The answer must be an exact transcription of the lines below from the first through the one containing "Bilde nummer 3", with the pictures left out; please add nothing else.

## Task inputs
────────────────────

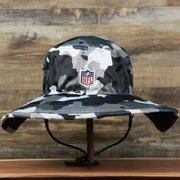 The backside of the New England Patriots NFL Summer Training Camp 2022 Camo Bucket Hat | Navy Bucket Hat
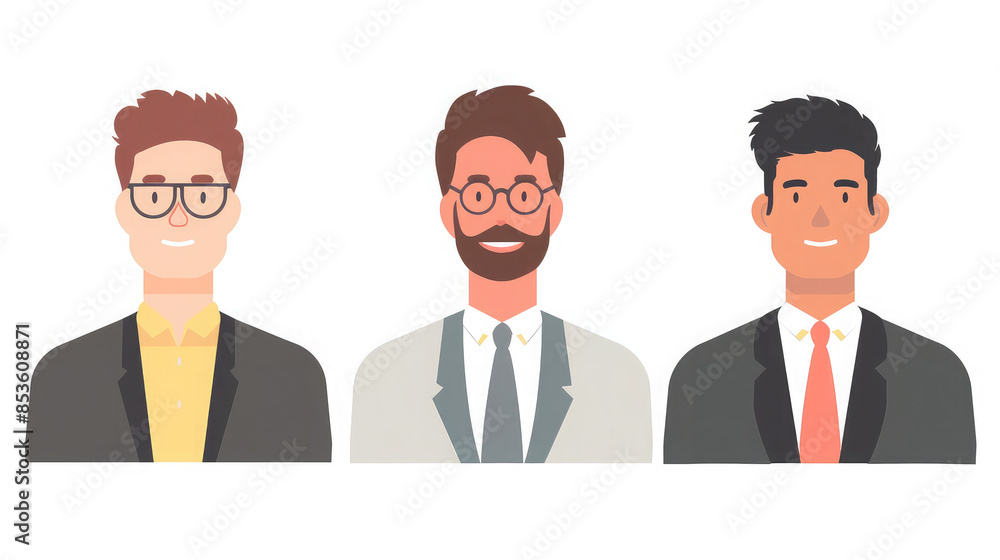 male cartoon avatars with different hairstyles and glasses on a white background. Flat design illustrations for profile pictures and digital use male cartoon avatars with different hairstyles and glasses on a white background. Flat design illustrations for profile pictures and digital use
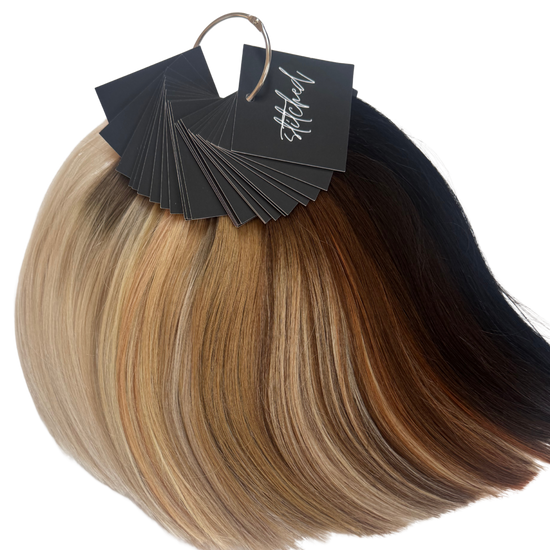 Compact Stitched Hair swatch ring featuring Seam Weft™ hair extension shades in a short, travel-friendly format for color matching.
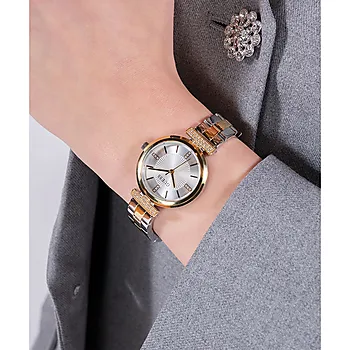 Bilde nummer 3 av Guess, Dress dameklokke med flerfarget stållenke
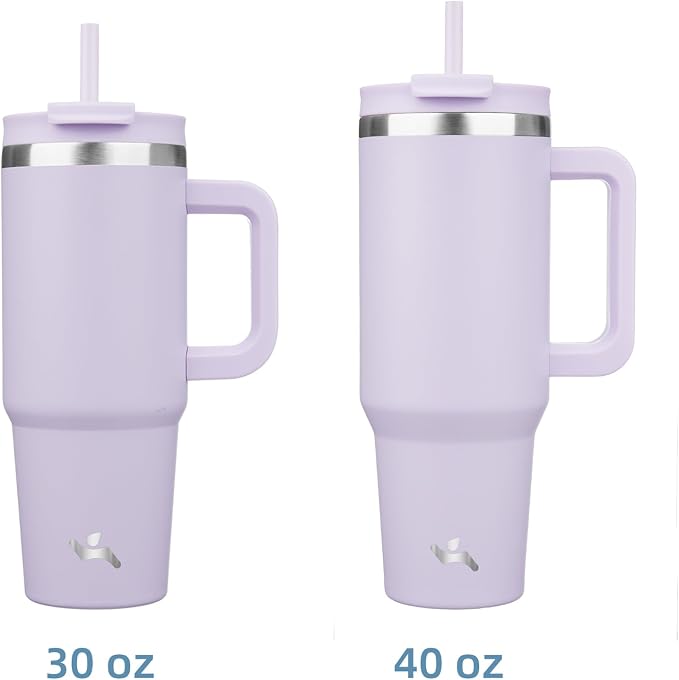 Konokyo 40 oz Insulated Tumbler Water Bottle with Handle, Straw Lid | BPA-free and dishwasher safe; made for gym, travel, coffee and gifting, 2 straws, cup holder friendly,Wisteria - Image 3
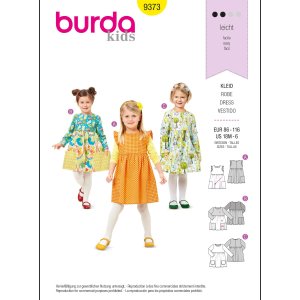 الگو خیاطی پیراهن کودک مجله بوردا استایل کد 9373 سایز 18 ماه تا 6 سال متدمولر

────────────────────

## Finished exercise
 The backside of the New England Patriots NFL Summer Training Camp 2022 Camo Bucket Hat | Navy Bucket Hat
 male cartoon avatars with different hairstyles and glasses on a white background. Flat design illustrations for profile pictures and digital use male cartoon avatars with different hairstyles and glasses on a white background. Flat design illustrations for profile pictures and digital use
 Compact Stitched Hair swatch ring featuring Seam Weft™ hair extension shades in a short, travel-friendly format for color matching.
 Bilde nummer 3 av Guess, Dress dameklokke med flerfarget stållenke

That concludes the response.